Sie fordern „Justice“! Eine dokumentarische Oper von Milo Rau

Ein spartenübergreifendes, sozial inklusives und ökologisch orientiertes Programm verspricht die Tangente St. Pölten – Festival für Gegenwartskultur. Der Auftakt gelang mit der vielschichtigen Oper „Justice“ am 30. April im Festspielhaus.

Kupfer, Diamanten, Kobalt, Gold – Bodenschätze des Kongos sollen für den Globalen Norden abgebaut werden. Die damit einhergehenden Folgen für Mensch und Umwelt vor Ort werden in der Oper „Justice“ des Regisseurs Milo Rau verhandelt. Konkret: ein mit Schwefelsäure beladener Transporter war vor fünf Jahren in der Region Katanga in einen Unfall verwickelt.

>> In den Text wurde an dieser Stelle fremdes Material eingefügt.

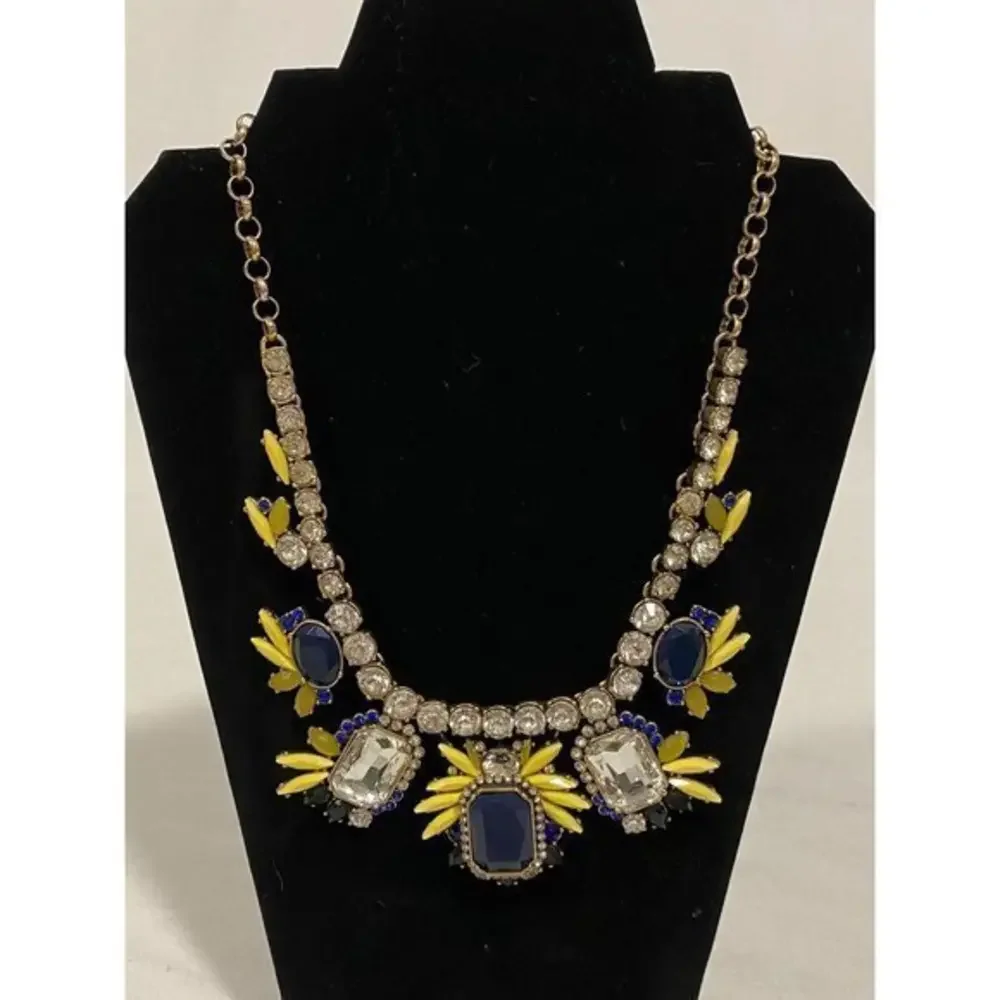 Chunky Gold‎ Tone Statement Necklace Blue Yellow and Clear Rhinestones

In Folge starben 21 Menschen. Zahlreiche Verletzte sind nicht mehr arbeitsfähig und massive Umweltschäden entziehen Landwirt:innen die Lebensgrundlage. Gerechtigkeit und finanzielle Entschädigung gibt es bis heute nicht. Eine von Milo Rau initiierte Kampagne soll die Menschen vor Ort unterstützen.

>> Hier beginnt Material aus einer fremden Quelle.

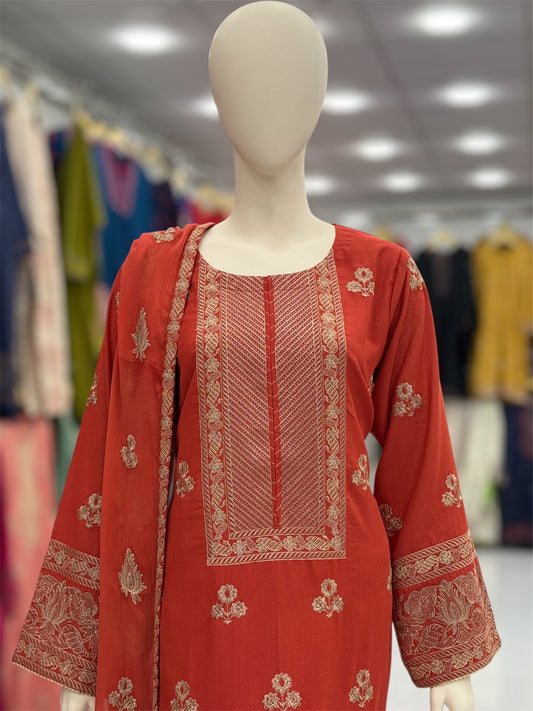 Blossom Rust 91-A | Stitched | 3 Piece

Ein großer Tisch für ein Wohltätigkeitsdinner und ein umgekippter Lastwagen prägen das Bühnenbild. Der Operngesang und festliche Kostüme nehmen das Publikum mit in eine scheinbar imaginäre Welt. Jedoch sind die Geschichten, die hier erzählt werden, Realität. Der Familienvater, der seine Beine verloren hat, kann seine Familie nicht mehr ernähren. Die Mutter, deren Kind verstorben ist, trauert schmerzvoll. Eingespielte Videoaufnahmen der direkt Betroffenen im Kongo holen das Publikum zurück in die Wirklichkeit.

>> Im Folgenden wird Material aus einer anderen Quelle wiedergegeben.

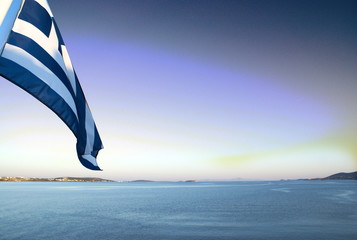 Greece the island of Paros. The local  ferry sails from the island of Antiparos to the island of...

Das wortgewandte Libretto des kongolesisch-österreichischen Schriftstellers Fiston Mwanza Mujila und die Komposition von Hèctor Parra werden von den Akteur:innen stimmgewaltig in fünf Akten vorgetragen. So etwa vom Countertenor Serge Kakudji, der im Vorfeld von seinen eigenen Erfahrungen in kongolesischen Minen erzählt und nach wie vor in Kontakt mit jenem Mann ist, der bei dem Lastwagenunfall seine Beine verloren hat und den er auf der Bühne verkörpert.

Das Stück konfrontiert die Zuseher:innen mit dem eigenen Lebensstil, bringt dessen Auswirkungen auf die Bühne und stimmt pessimistisch. Während der fast zweistündigen Vorstellung, interpretiert vom Tonkünstler Orchester Niederösterreich, ließen nur die wenigen Gitarrenklänge von Kojack Kossakamvwe Luft zum Verschnaufen. Aber ums Verschnaufen geht es bei „Justice“ nicht. Stattdessen durften wir ein kraftvolles Stück in permanenter Anspannung, Wut, Trauer und Ohnmacht erleben.